Exactly the lines from the one containing "300-410 question answer" through the end of the listing must make up the answer, with no pictures included.

Records for processing section start

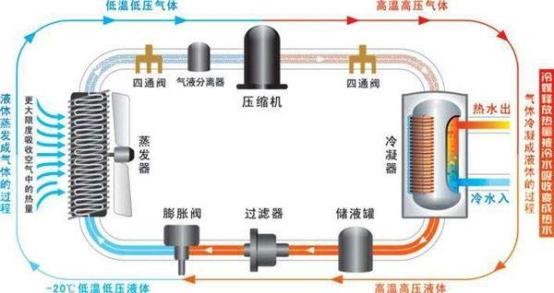 空氣能熱水器冷媒 空氣能熱水器冷媒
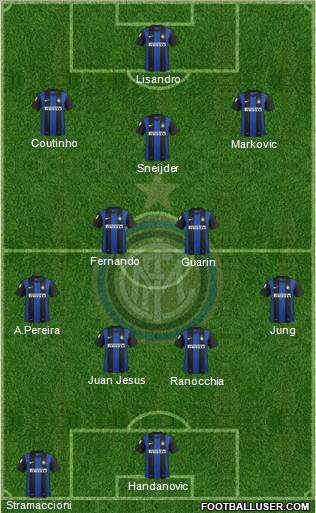 F.C. Internazionale Formation 2012
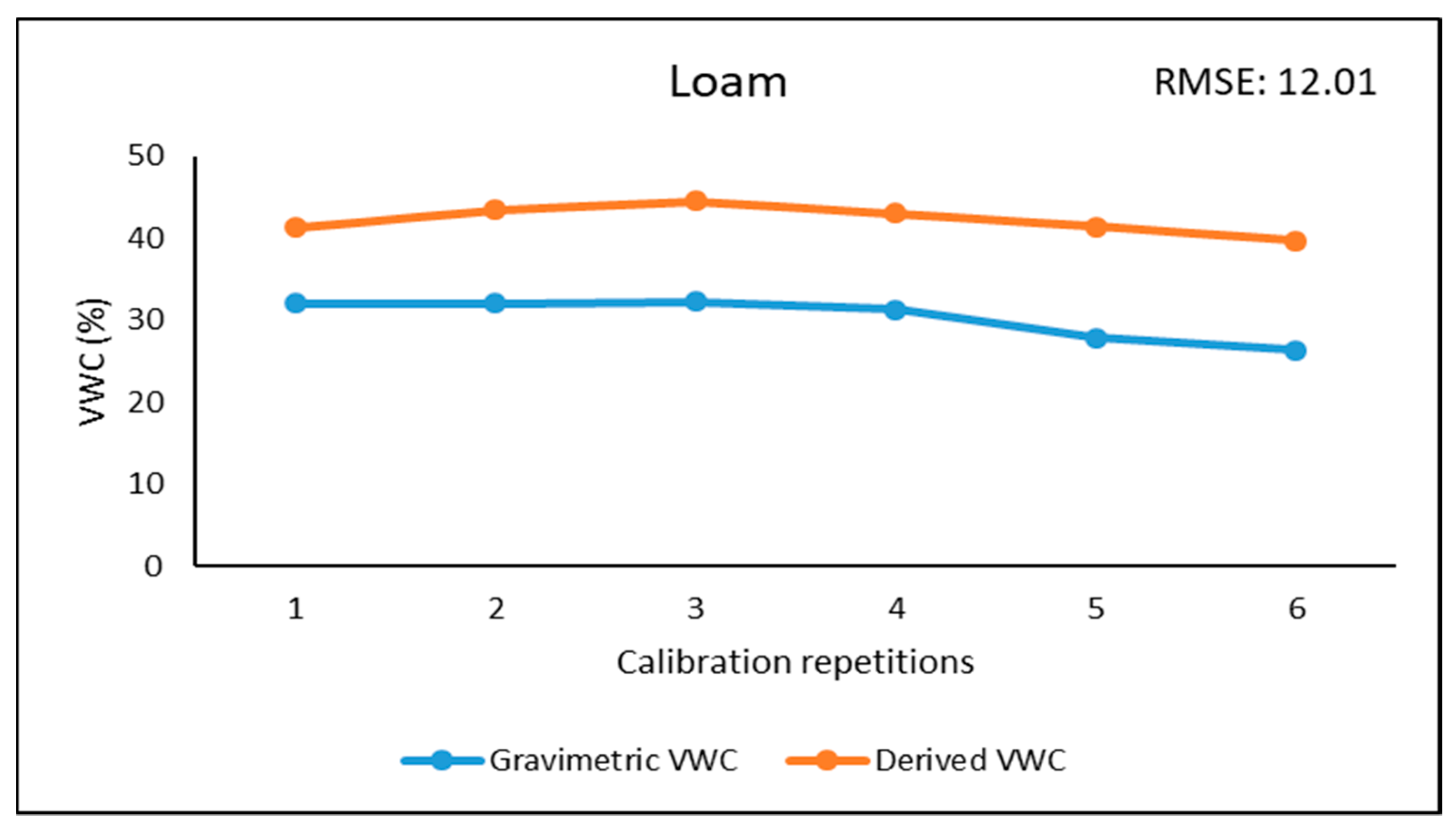 Water 13 00837 g012 Water 13 00837 g012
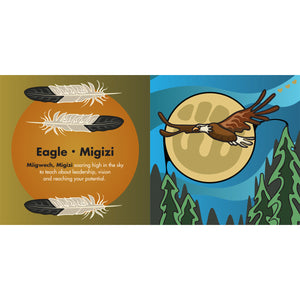 All My Relatives (Indinawemaaganidag) - Board Book-Native Northwest-Modern Rascals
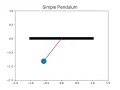 Simple Pendulum Animation using Python Programming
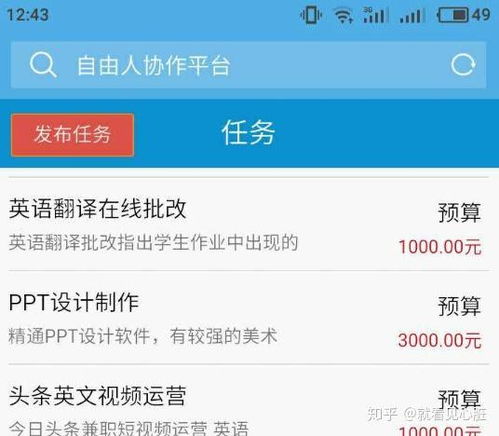 副业做什么投资最好赚钱 副业做什么生意赚钱
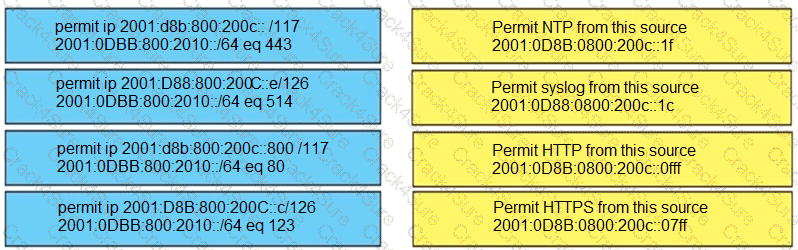 300-410 question answer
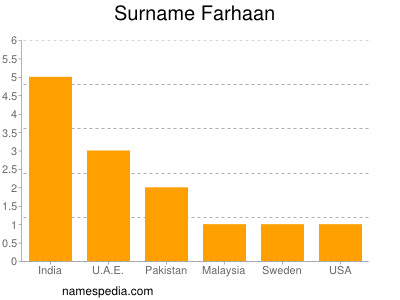 Surname Farhaan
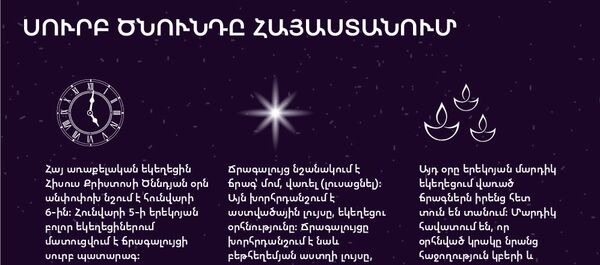 Սուրբ ծնունդը Հայաստանում Սուրբ ծնունդը Հայաստանում - Sputnik Արմենիա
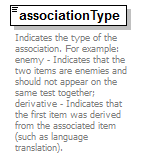 assessment_diagrams/assessment_p75.png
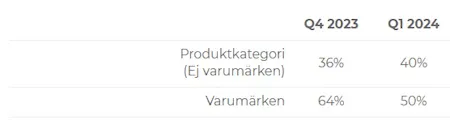 produktkategori-varumarken4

Records for processing section end

*Response for this exercise*.
 300-410 question answer
 Surname Farhaan
 Սուրբ ծնունդը Հայաստանում Սուրբ ծնունդը Հայաստանում - Sputnik Արմենիա
 assessment_diagrams/assessment_p75.png
 produktkategori-varumarken4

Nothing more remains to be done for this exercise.